Description:
When --skip-log-bin is set on the slave and GTID is turned on, if a crash occurs during the replay of the XA transaction, it may lead to inconsistency between the master and the slave.
How to repeat:
diff --git a/sql/xa/sql_xa_second_phase.cc b/sql/xa/sql_xa_second_phase.cc
index d63fce8f48e..85388393d17 100644
--- a/sql/xa/sql_xa_second_phase.cc
+++ b/sql/xa/sql_xa_second_phase.cc
@@ -120,6 +120,12 @@ void Sql_cmd_xa_second_phase::setup_thd_context(THD *thd) {
std::tie(this->m_gtid_error, this->m_need_clear_owned_gtid) =
commit_owned_gtids(thd, true);
if (this->m_gtid_error) my_error(ER_XA_RBROLLBACK, MYF(0));
+
+ DBUG_EXECUTE_IF("simulate_crash_after_write_gtid_for_xa", {
+ ha_flush_logs();
+ DBUG_SUICIDE();
+ });
+
this->m_result = detached_xs->xa_trans_rolled_back() || this->m_gtid_error;
assert(thd_xs->is_binlogged() == false);
diff --git a/mysql-test/suite/rpl_gtid/t/bug_xa_inconsistent-slave.opt b/mysql-test/suite/rpl_gtid/t/bug_xa_inconsistent-slave.opt
new file mode 100644
index 00000000000..789275fa25e
--- /dev/null
+++ b/mysql-test/suite/rpl_gtid/t/bug_xa_inconsistent-slave.opt
@@ -0,0 +1 @@
+--skip-log-bin
diff --git a/mysql-test/suite/rpl_gtid/t/bug_xa_inconsistent.test b/mysql-test/suite/rpl_gtid/t/bug_xa_inconsistent.test
new file mode 100644
index 00000000000..5895e4d5972
--- /dev/null
+++ b/mysql-test/suite/rpl_gtid/t/bug_xa_inconsistent.test
@@ -0,0 +1,46 @@
+--source include/have_debug.inc
+--source include/have_debug_sync.inc
+--source include/master-slave.inc
+
+--source include/rpl_connection_slave.inc
+--source include/stop_slave_sql.inc
+
+--source include/rpl_connection_master.inc
+create table t1 (id int) engine = innodb;
+xa start 'zjy';
+insert into t1 values (1);
+xa end 'zjy';
+xa prepare 'zjy';
+xa commit 'zjy';
+
+--source include/rpl_connection_slave.inc
+--let $debug_point= simulate_crash_after_write_gtid_for_xa
+--source include/add_debug_point.inc
+
+-- exec echo "wait" > $MYSQLTEST_VARDIR/tmp/mysqld.2.expect
+--source include/start_slave_sql.inc
+--source include/wait_until_disconnected.inc
+
+-- let $rpl_server_number= 2
+-- source include/rpl_start_server.inc
+-- enable_reconnect
+-- echo # Reconnecting to the slave server
+-- source include/wait_until_connected_again.inc
+
+--source include/start_slave.inc
+--source include/rpl_connection_master.inc
+--source include/sync_slave_sql_with_master.inc
+
+--source include/rpl_connection_master.inc
+--let $result=query_get_value("xa recover", data, 1)

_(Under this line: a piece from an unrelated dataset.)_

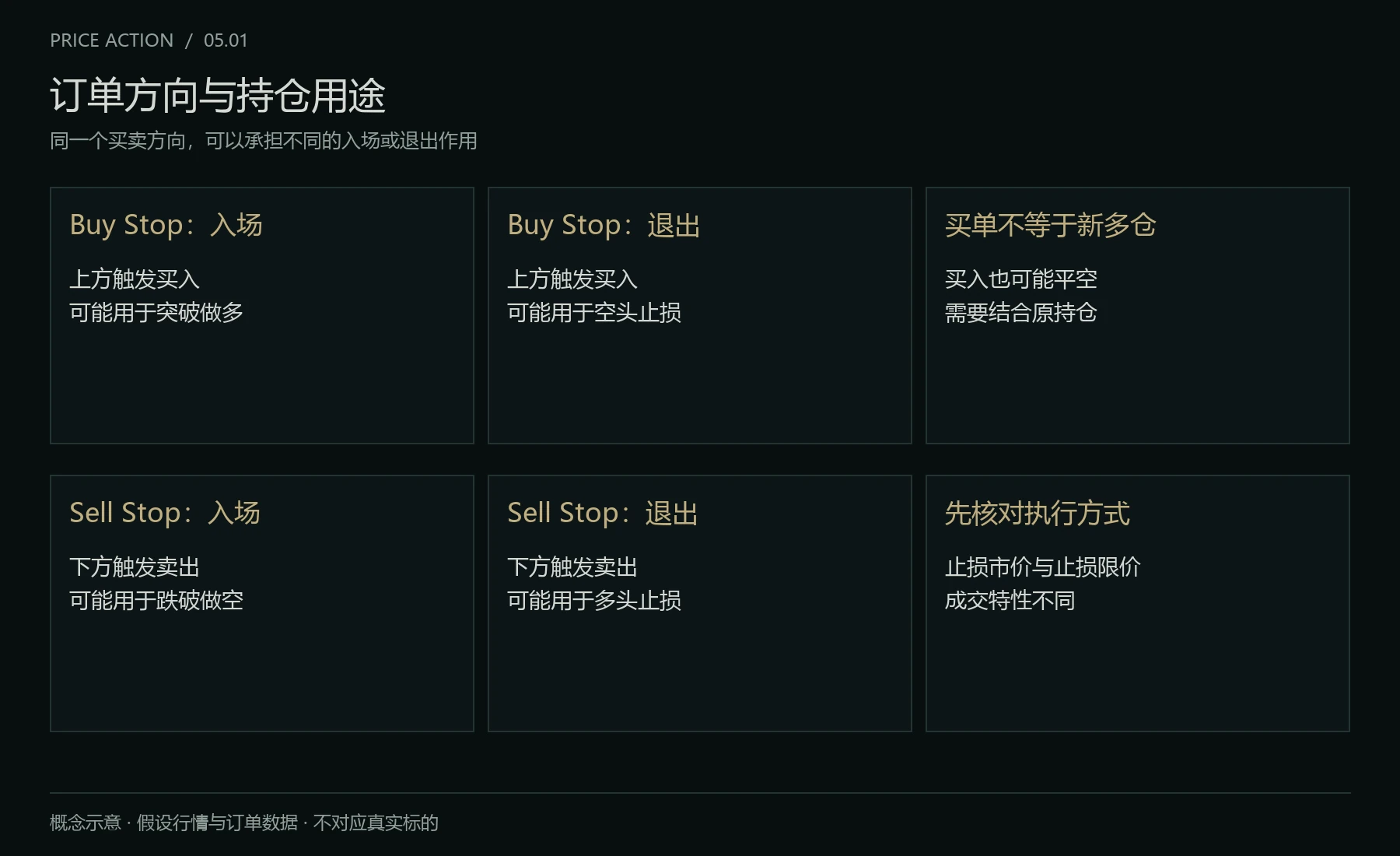 Buy Stop 与 Sell Stop 的用途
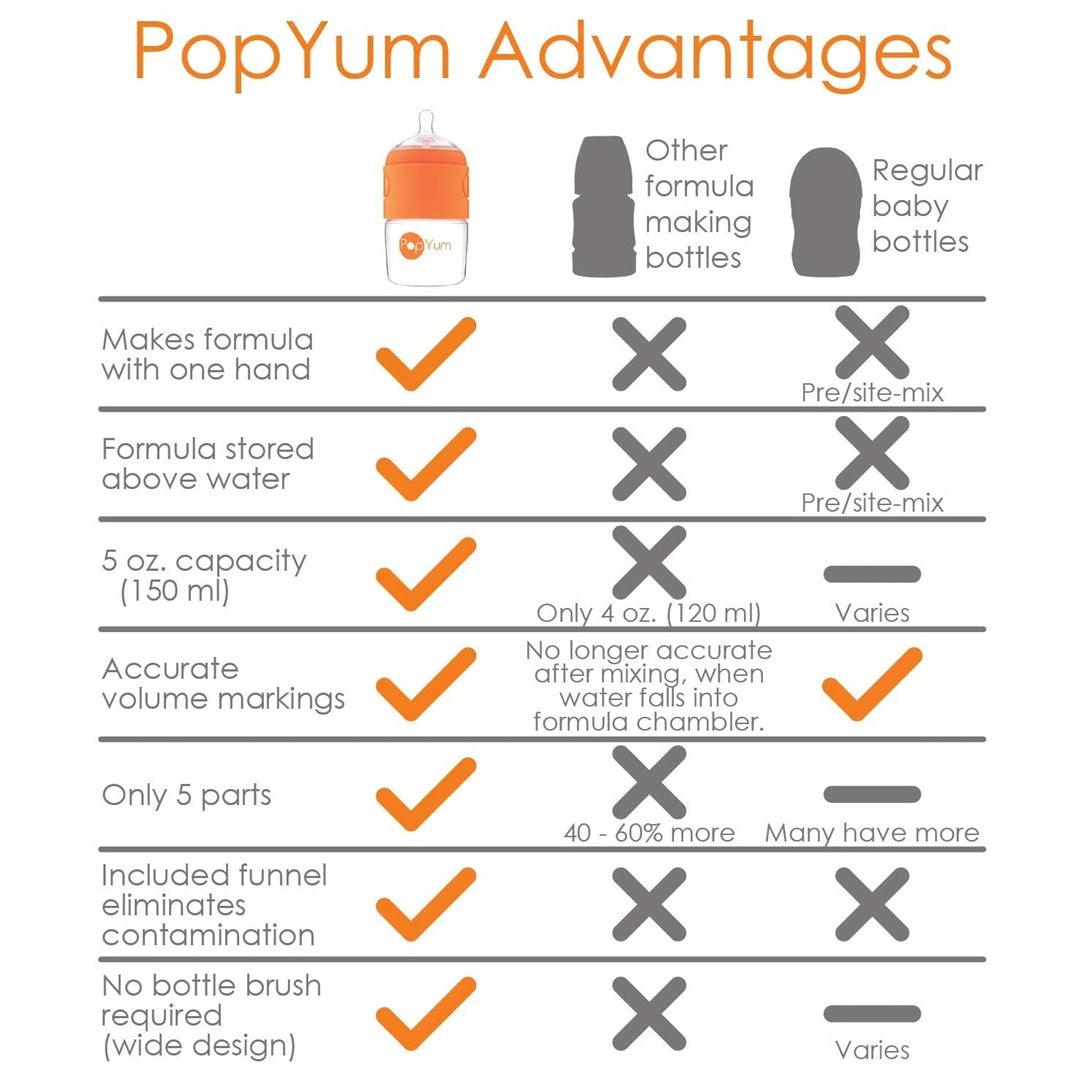 Mamadeira PopYum Com Mixer 150ML - PopYum Babytunes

+--let $assert_text=Should not have hanging transaction
+--let $assert_cond="$result" = "No such row"
+--source include/assert.inc
+
+--source include/rpl_connection_slave.inc
+--let $result=query_get_value("xa recover", data, 1)
+--let $assert_text=Should not have hanging transaction
+--let $assert_cond="$result" = "No such row"
+--source include/assert.inc
+
+drop table t1;
Suggested fix:
I think the key is that when the slave replays the event of "XA COMMIT", the execution sequence is as like:
step-1. First write the GTID of the event to the table "mysql.gtid_executed"
step-2. Execute XA COMMIT
If a crash occurs after step-1 and before step-2, the slave will never replay this event.